START LISTED ENTRIES

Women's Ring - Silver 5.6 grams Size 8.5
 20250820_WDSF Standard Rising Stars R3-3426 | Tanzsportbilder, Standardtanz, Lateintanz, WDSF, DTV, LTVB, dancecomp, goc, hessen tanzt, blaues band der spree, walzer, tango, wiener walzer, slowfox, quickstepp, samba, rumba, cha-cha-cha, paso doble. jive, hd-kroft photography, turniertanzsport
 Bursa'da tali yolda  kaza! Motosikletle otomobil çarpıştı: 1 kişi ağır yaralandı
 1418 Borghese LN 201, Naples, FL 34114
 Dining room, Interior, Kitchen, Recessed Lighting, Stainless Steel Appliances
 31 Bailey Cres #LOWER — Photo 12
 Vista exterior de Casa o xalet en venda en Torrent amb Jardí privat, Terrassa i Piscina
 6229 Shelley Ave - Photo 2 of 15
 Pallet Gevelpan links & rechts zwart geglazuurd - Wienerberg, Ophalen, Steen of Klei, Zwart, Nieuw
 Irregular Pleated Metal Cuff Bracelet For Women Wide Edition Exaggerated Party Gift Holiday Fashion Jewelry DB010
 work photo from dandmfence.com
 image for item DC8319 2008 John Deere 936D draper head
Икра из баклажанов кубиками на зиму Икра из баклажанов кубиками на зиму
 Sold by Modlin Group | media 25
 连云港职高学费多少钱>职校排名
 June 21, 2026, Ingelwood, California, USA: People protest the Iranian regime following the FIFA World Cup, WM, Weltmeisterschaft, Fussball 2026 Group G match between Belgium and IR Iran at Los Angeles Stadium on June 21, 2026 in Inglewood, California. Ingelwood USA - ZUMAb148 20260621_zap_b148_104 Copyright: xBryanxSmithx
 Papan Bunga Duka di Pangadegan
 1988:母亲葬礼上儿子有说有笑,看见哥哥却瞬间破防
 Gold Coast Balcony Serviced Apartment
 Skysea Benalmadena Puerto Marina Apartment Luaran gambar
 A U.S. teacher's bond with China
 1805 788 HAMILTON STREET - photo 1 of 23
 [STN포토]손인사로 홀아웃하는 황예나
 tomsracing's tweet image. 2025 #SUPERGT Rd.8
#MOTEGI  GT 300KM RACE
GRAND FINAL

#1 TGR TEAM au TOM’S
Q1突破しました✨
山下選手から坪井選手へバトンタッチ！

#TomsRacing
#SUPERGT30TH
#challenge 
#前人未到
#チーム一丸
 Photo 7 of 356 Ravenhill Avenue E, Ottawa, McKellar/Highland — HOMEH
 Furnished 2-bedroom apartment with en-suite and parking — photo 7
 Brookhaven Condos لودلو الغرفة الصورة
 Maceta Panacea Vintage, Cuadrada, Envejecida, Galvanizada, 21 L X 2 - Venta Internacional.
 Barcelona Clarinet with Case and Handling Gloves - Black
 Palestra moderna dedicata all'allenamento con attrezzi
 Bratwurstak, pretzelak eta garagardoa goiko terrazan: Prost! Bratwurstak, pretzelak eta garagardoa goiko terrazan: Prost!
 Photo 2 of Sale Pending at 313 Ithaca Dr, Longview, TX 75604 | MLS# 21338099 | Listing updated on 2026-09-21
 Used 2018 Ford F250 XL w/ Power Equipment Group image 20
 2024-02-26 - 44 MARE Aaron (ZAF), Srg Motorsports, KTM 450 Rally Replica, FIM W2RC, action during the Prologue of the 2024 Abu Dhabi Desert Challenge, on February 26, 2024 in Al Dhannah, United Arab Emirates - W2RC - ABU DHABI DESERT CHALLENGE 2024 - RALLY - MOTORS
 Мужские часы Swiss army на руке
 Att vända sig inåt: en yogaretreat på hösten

END LISTED ENTRIES

| WHAT YOU NEED TO DO |
Please state only the number of lines above that hold the string "with".

| EXERCISE OUTPUT |
3